E0, ET, and Their Physical Relationships to Drought
The relationship between E0 and ET is particularly important in terms of monitoring and forecasting drought. Separately, each estimate provides a unique contribution to the understanding of drought development; when used together, they provide a particular characterization of the role of the coupling between the atmosphere and land surface. From a theoretical standpoint, increased E0 precedes an observable land surface response (e.g., a decrease in SM), with increased E0 leading to stronger coupling between E0 and the land surface. While anomalies in E0 can be considered a leading indicator in drought development (potential for stress), an observation of the onset of vegetation stress, through an estimation of ET (actual stress), is still needed to properly characterize the role of the coupling between atmospheric demand and evolution of the land-surface response.
Evaporative Demand, E0
As noted earlier, E0 is defined as the maximal rate of ET that would occur if moisture availability at the evaporating surface were not limiting. This rate is constrained only by the drying power of the air, the energy available for evaporation, and the ability to bear evaporated moisture away. E0 is an umbrella term for a measure that takes on various conceptions that differ in their surface assumptions and/or measurement.

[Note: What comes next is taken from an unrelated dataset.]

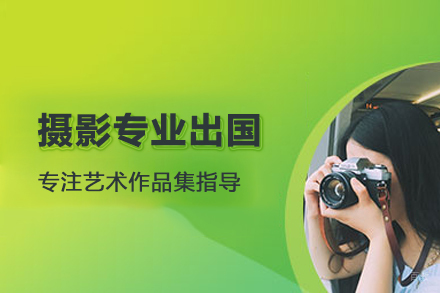 合肥摄影专业留学培训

E0 may be estimated either as a physical observation of Epan (generally daily from US Class-A evaporation pans) or as ET0 (ET from a well-watered, highly specified reference crop) at weighing lysimeters. More commonly, it is synthesized as either Ep or ET0 from observed radiative and meteorological drivers, with the prime difference between these two rates being their surface assumptions: Ep is more loosely defined as the ET rate that would pertain given ample moisture supply at the surface; ET0 is the ET rate given a well-watered and otherwise specifically defined, ideal surface, including a specific crop cover.

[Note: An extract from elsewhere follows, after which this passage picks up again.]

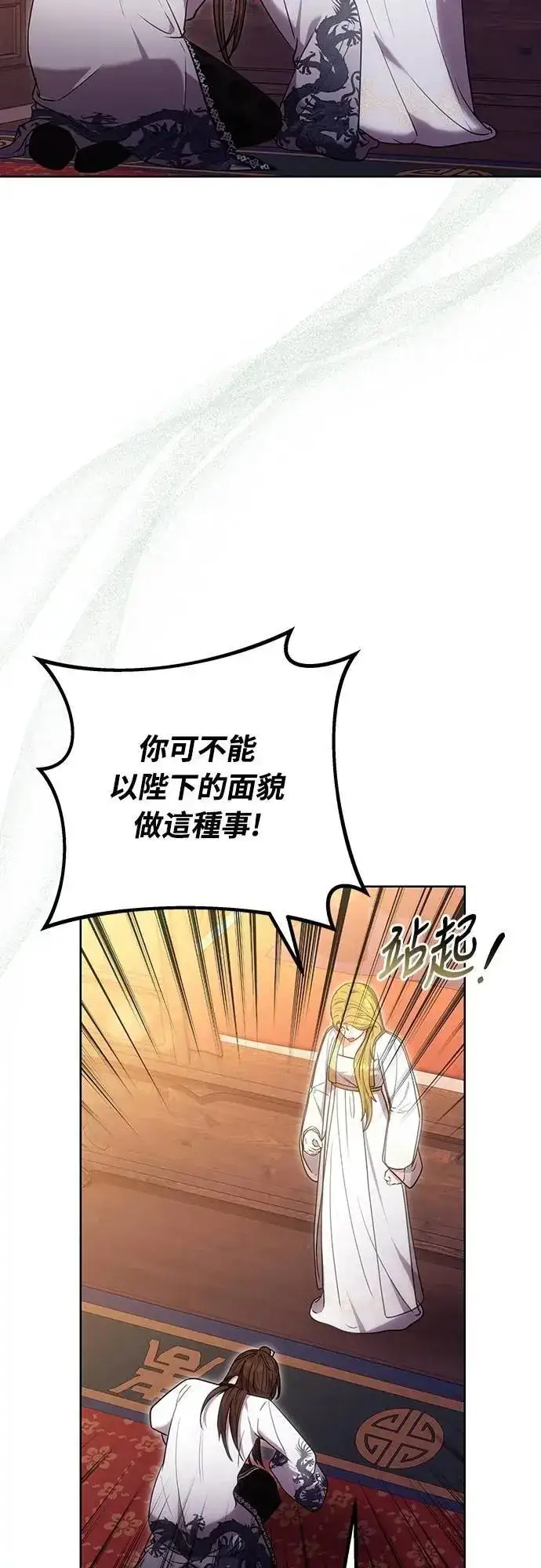 漫画《武林高手转生后宫小主》第102话 我来向你道别第47张图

Estimators of these fluxes range in data requirements, adherence to physics and therefore in quality. Physically based approaches synthesize the effects of all physical drivers shown in Equation 11.2: these are Penman (1948)-based approaches, such as Penman-Monteith (Montieth 1965) or PenPan (Rotstayn et al. 2006). However, the development of the Ep concept (Penman 1948) arose when the stringent data and computational requirements of fully physical parameterizations (Equation 11.2) precluded their estimation on useful scales. Instead, simplified approaches to E0 developed at around the same time became popular, such as those based on T and Rn (e.g., the Priestley- Taylor equation for partial equilibrium evaporation, or evaporation from extensive wet surfaces; Priestley and Taylor 1972). Finally, many approaches are based solely on T, the most well-known being the Thornthwaite (1948) equation, which was developed as a tool to derive climate classifications and so involved mean conditions, not the deviations from the mean necessary for drought analysis. Other popular T-based methods include the Hamon (1961), Blaney-Criddle (Blaney and Criddle 1962), and Hargreaves-Samani (Hargreaves and Samani 1985) equations.

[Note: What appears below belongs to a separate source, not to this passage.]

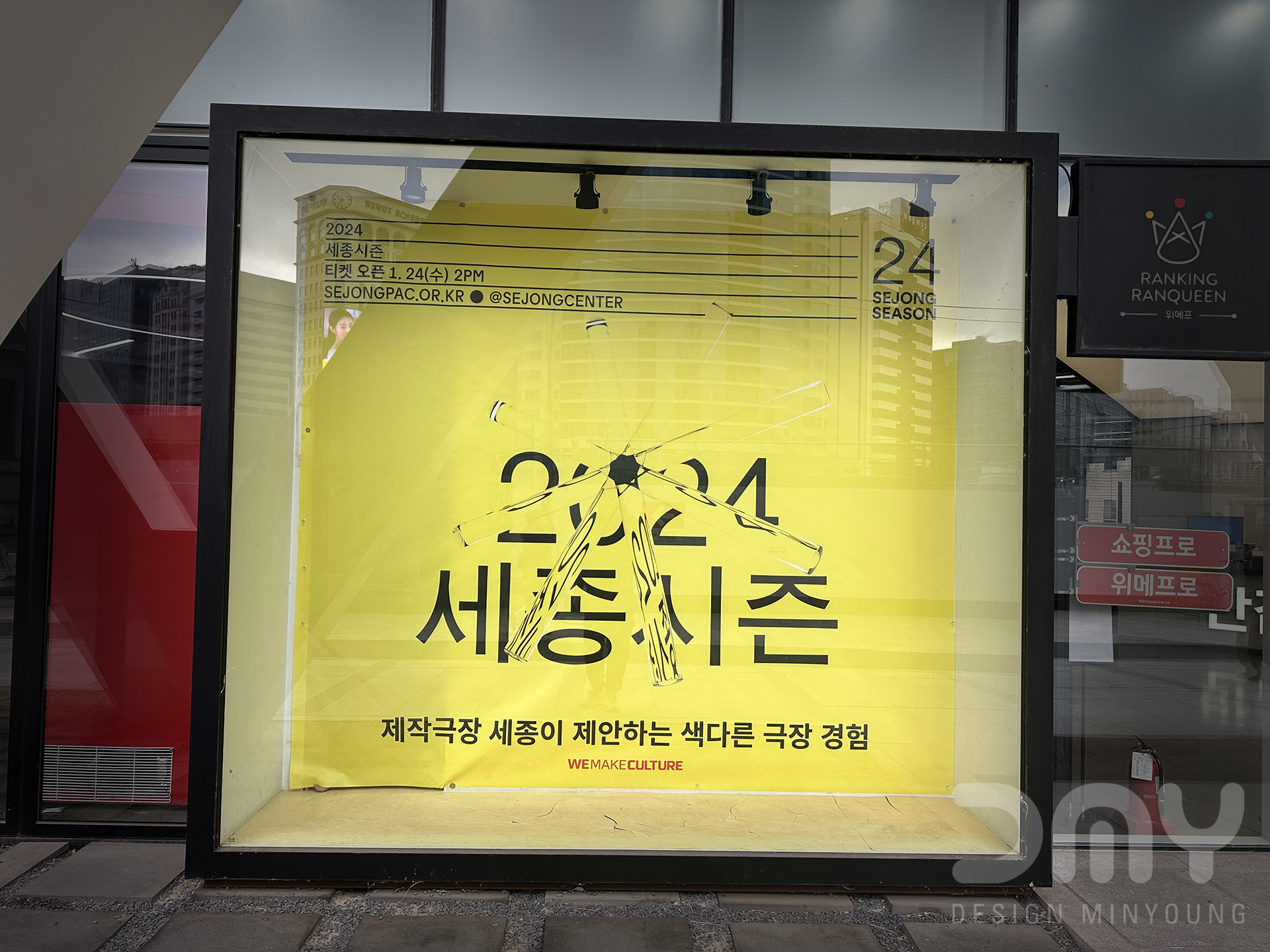 세종시즌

E0 parameterizations with physical underpinnings are crucial in drought analyses. For example, a rigorous decomposition of daily E0 variability (using Penman-Monteith ET0, widely considered the best estimator of E0 when all drivers are available and for nonsecular timescales) into its contributions from each of the drivers demonstrated that the drivers of daily variability—the most appropriate timescale for drought analyses—vary across the continental United States (CONUS) and with seasons (Hobbins 2016). Contrary to the basic assumptions of T-based approaches to E0, T is not the dominant driver for many regions across CONUS and many seasons: in summer, Uz dominates variability in the Desert Southwest and Rd in the Southeast; in winter, q dominates along the Eastern Seaboard. Similar conclusions were drawn by Roderick et al. (2007) in their decomposition of E0 trends across Australia: Uz
was found to dominate the mean trend at stations, with T playing little role. These studies underline the dangers of using T-based E0 in drought analyses, both in the short-term variability central to drought dynamics, and at secular and climate timescales (see Section 11.4).
The eradication of poor parameterizations of E0 must overcome significant paradigmatic inertia within the operational drought-monitoring community. This is demonstrated by the fact that new parameterizations of T-based E0 were being developed and/or installed as measure of E0 in new drought metrics (e.g., the PDSI as originally conceived by Palmer , or the original SPEI [Vicente-Serrano et al. 2010]) even as our understanding of the dynamics of both E0 and drought deepened, and long after data to support estimation of fully physical E0 became available. It is this inertia we seek to overcome here.